So you have a similar story, Eye? Wow. Rare are the times when I would NOT hear of a friend who has a friend who has shifted to nursing. Yes, I watch HOUSE when I have time. Great show. It is the next best thing that happened since ER.

Downgrading of skills, Delish? Yea, you can say that. But a doctor has to survive too, and so, he shifts to nursing not really because he's dying to become one, but because he wants a better life for himself and his family.

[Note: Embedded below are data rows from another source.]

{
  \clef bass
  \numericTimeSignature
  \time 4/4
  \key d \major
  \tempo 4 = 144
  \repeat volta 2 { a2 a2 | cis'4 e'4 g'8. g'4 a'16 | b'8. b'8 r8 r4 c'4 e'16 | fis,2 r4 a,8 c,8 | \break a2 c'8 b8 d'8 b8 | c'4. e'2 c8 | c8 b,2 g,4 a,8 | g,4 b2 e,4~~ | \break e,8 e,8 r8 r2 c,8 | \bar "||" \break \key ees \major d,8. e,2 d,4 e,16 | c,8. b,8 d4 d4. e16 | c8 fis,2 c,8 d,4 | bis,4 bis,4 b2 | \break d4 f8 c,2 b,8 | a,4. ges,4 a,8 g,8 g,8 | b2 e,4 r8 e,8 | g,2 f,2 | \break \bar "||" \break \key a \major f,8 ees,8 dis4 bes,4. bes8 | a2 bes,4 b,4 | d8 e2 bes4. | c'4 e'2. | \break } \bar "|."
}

Good luck to you, Rygel. May you be happy with your choices.

DP said...

Why are these doctors becoming nurses to begin with? Is their medical education not recognized in the US? Why not?

Dr E said...

An average doctor's salary here would be in the ballpark of US $500- $600 monthly, or $700, if they're really lucky. In the US, however, the average nurse gets around $5,000-$6,000 monthly. The rising cost of living prevents most doctors to survive using their salary. Most find the shidt to nursing the easiest way to remedy the situation, DP.

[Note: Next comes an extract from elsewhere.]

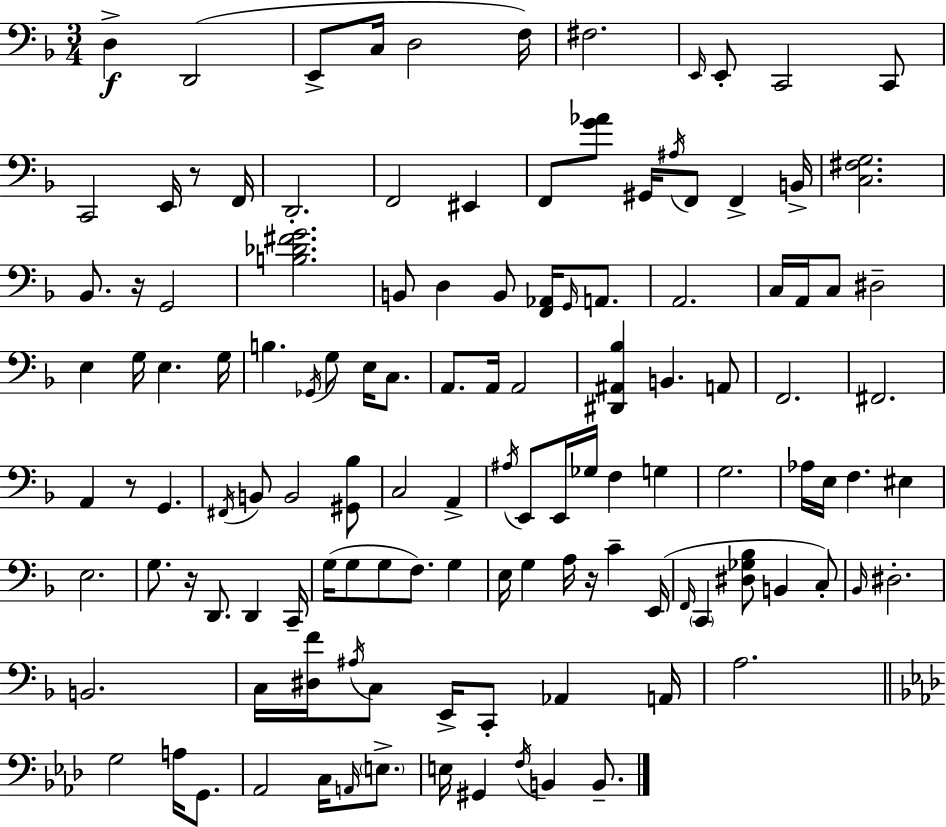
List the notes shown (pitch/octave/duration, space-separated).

D3/q D2/h E2/e C3/s D3/h F3/s F#3/h. E2/s E2/e C2/h C2/e C2/h E2/s R/e F2/s D2/h. F2/h EIS2/q F2/e [G4,Ab4]/e G#2/s A#3/s F2/e F2/q B2/s [C3,F#3,G3]/h. Bb2/e. R/s G2/h [B3,Db4,F#4,G4]/h. B2/e D3/q B2/e [F2,Ab2]/s G2/s A2/e. A2/h. C3/s A2/s C3/e D#3/h E3/q G3/s E3/q. G3/s B3/q. Gb2/s G3/e E3/s C3/e. A2/e. A2/s A2/h [D#2,A#2,Bb3]/q B2/q. A2/e F2/h. F#2/h. A2/q R/e G2/q. F#2/s B2/e B2/h [G#2,Bb3]/e C3/h A2/q A#3/s E2/e E2/s Gb3/s F3/q G3/q G3/h. Ab3/s E3/s F3/q. EIS3/q E3/h. G3/e. R/s D2/e. D2/q C2/s G3/s G3/e G3/e F3/e. G3/q E3/s G3/q A3/s R/s C4/q E2/s F2/s C2/q [D#3,Gb3,Bb3]/e B2/q C3/e Bb2/s D#3/h. B2/h. C3/s [D#3,F4]/s A#3/s C3/e E2/s C2/e Ab2/q A2/s A3/h. G3/h A3/s G2/e. Ab2/h C3/s A2/s E3/e. E3/s G#2/q F3/s B2/q B2/e.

Please read this post to know more what's happening.

Mic said...

I read about this in the Philippine Journal of Internal Medicine a few months back. Nursing care and clinical work are two very different things, requiring different mindsets. Switching roles would indeed be difficult.

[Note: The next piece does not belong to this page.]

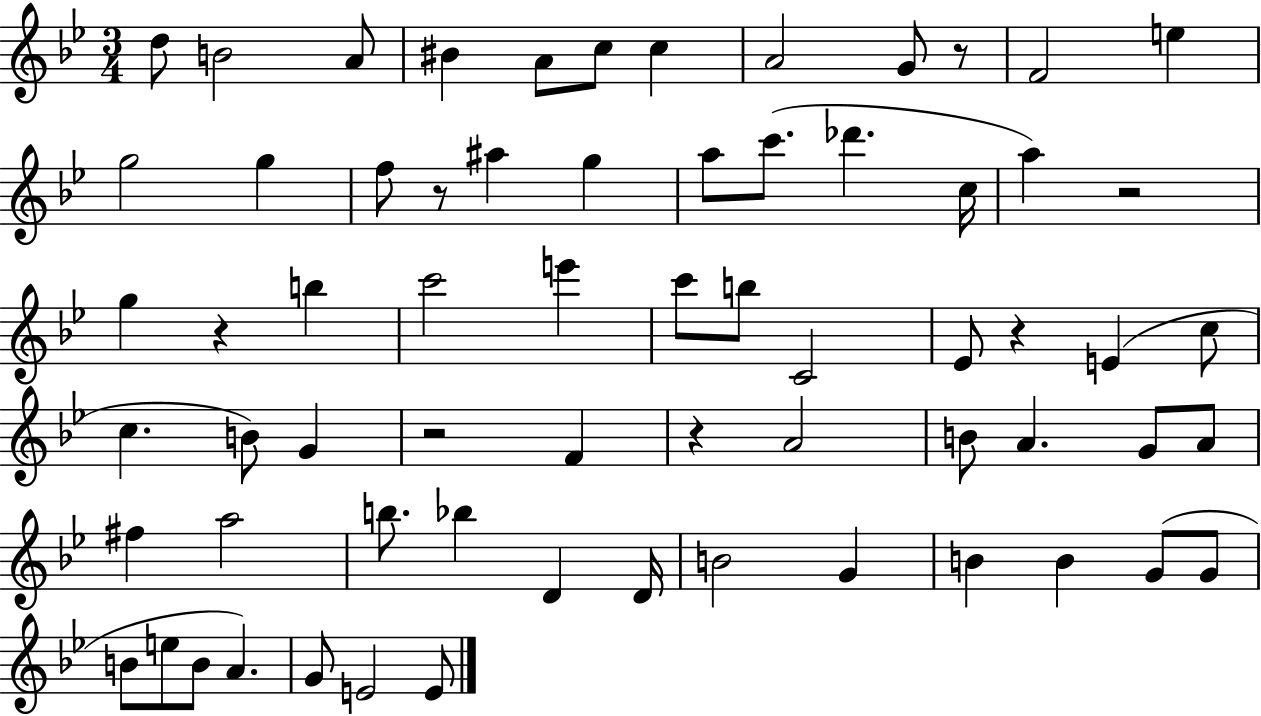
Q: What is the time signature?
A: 3/4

I don't think any amount of policy-making or legislature will stop the brain-drain given the current state of things. Our government spends so little of the national budget on health.

Oh, and about House...

Dr. Paul said...

MD-RNs had professional identity crisis. I wrote an article about this. visit http://www.doktorko.com/_blog/index.php?mod=blog_article&a=120&md=897

Dr. Paul said...

Doctors are men and nurses are boys. Doctors invested several years of study to manage patient and help him heal. Nurses are doctor’s partner and they provide nursing care for patients hasten recovery. Doctors are men because they are “intellectually mature” than nurses when it comes to the arena of health. This is the reason why many MD-RNs intentionally or unintentionally forgot to function as a nurse. Their level of “intellectual maturity” confuses their identity. It’s like men pretending to be boys (but boys can’t pretend men), so to speak.

angel said...

We can't conclude that doctors becoming nurses and working abroad lacks patriotism. Look at our country today our economy down not to mention many greedy politicians. Come to think of it "what will be the future of our children?"

shane said...

doctor's who take up nursing lacks passion in what they do...how can a doctor treat his patient if he doesnt even have a passion in his profession?!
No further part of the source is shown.